On peut justifier ce montage syntaxique en imaginant la fiction d’un accident possible dans la ville (« recroquevillés les doigts suintent de sang ») dont le « je » serait le témoin et qu’il anticiperait dans le premier vers. En ce cas, la violence proviendrait de la ville elle-même qui agresse l’oeil en renvoyant la chair aux « cailloux concassés ». À la fin du poème, le lecteur a le choix entre deux découpages syntaxiques des vers sept et huit : soit « bientôt la douceur s’évanouira sur les trottoirs », soit « sur les trottoirs un reste de sable se perd ». Cette dernière lecture fait entendre l’intertexte biblique dont le texte, à partir de l’image de la « chair dilapidée », serait alors la métaphore filée ou la réénonciation : « le corps n’est que poussière et retournera à la poussière ». À côté de la paraphrase biblique, qui appartient, pour le lecteur, au discours culturel qui encode le texte, prend place ce récit mnésique qu’on a vu s’insinuer dans le texte en le déformant. Ce récit appartient, mutatis mutandis, à la couche épilinguistique du discours dans la mesure où il est intimement lié, pour Beaulieu, à l’apprentissage de la langue. Il est l’écho de la parole dans le sujet parlant : « C’est comme une anamorphose permanente qui joue de telle manière qu’à un moment donné, pour une langue donnée, il y aura des décisions, c’est-à-dire des trajets, des choix nécessaires et à ce moment-là vous êtes dans le linguistique », écrit Antoine Culioli [11].

La symbolique de la pierre

Le poème 1 se termine par ce vers : « rappelle-toi qu’il bat parmi les pierres ». La thématique de la pierre représente à bien des égards la figure emblématique de cette perfection formelle que Beaulieu tente de mettre en oeuvre dans sa poésie amoureuse à partir des mécanismes de la langue.
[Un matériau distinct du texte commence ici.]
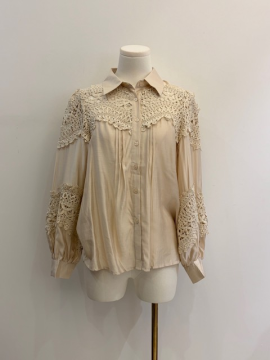 Blouse beige dentelle – Détails crochet, style bohème chic | Sud Access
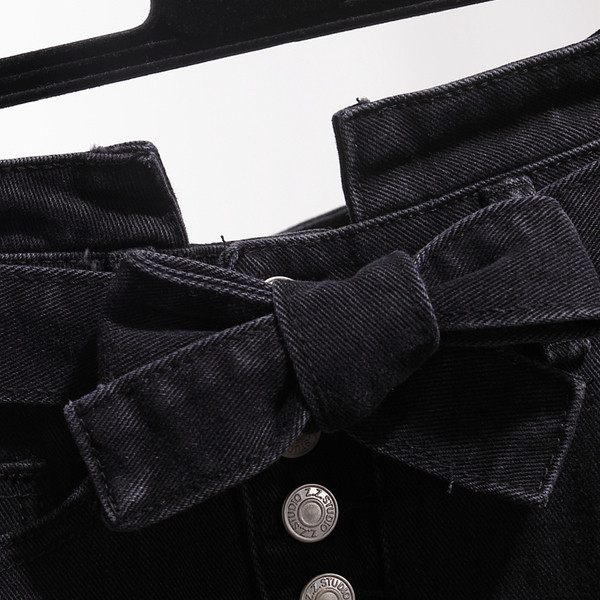 Modern női rövidnadrág fehér és fekete nyakkendővel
Le début du poème 2 de la suite « Sang et eau des os » suggère d’abord que le poète polit avec la pierre les mains qui à la fois s’informent des « méandres du corps des sourcils/de la nuit » tout en leur donnant forme. Beaulieu reconstitue les blasons du corps féminin, dont les poètes du xvie siècle aimaient faire l’éloge : « pierres et ponce tes mains s’informent/des méandres du corps des sourcils/de la nuit » (VA, 20).

Mais la pierre ponce signale également la force d’un mouvement tellurique qui se fraie un chemin à travers les méandres du corps :

[…] sang du cerveau le vent

délibère à rompre les bronches les poings

tu les ouvres sur le jour et ses écorces

la table maintenant découvre ses débris

quelque chien quelque jour les emportera

sous le froid tu frémis un peu sous l’acier

tressant du nerf des courants les filons

tu frémis d’un oeil à peine entrouvert.

VA, 20

Vent et sang se confondent. Peut-être Beaulieu s’est-il souvenu d’une théorie en vogue au xvie siècle selon laquelle, animé par la passion, le foie faisait circuler dans les vaisseaux du corps une humeur venteuse. Celle-ci, en échauffant le cerveau, était censée provoquer des états de colère voisins de l’inspiration ou du transport érotique. Cette « théorie » savante permettait aux humanistes de la Renaissance d’expliquer le génie par la physiologie. Chez Beaulieu, cette humeur, ce sang, ce vent font éclater les bronches, autre partie du corps où passe l’air que l’on respire. Quant à la colère, elle s’exprime contre le jour auquel il faut pourtant céder (« les poings/tu les ouvres sur le jour »), en sachant que le jour ramène la dynamique tellurique des formes à la sphère profane du débris. Le jour se lève et vient éclairer la table et les restes du repas de la veille qui attirent les chiens. Avec le passage de la nuit au jour et du jour au jour « quelconque » (« quelque chien quelque jour… »), la tension physiologique semble retomber.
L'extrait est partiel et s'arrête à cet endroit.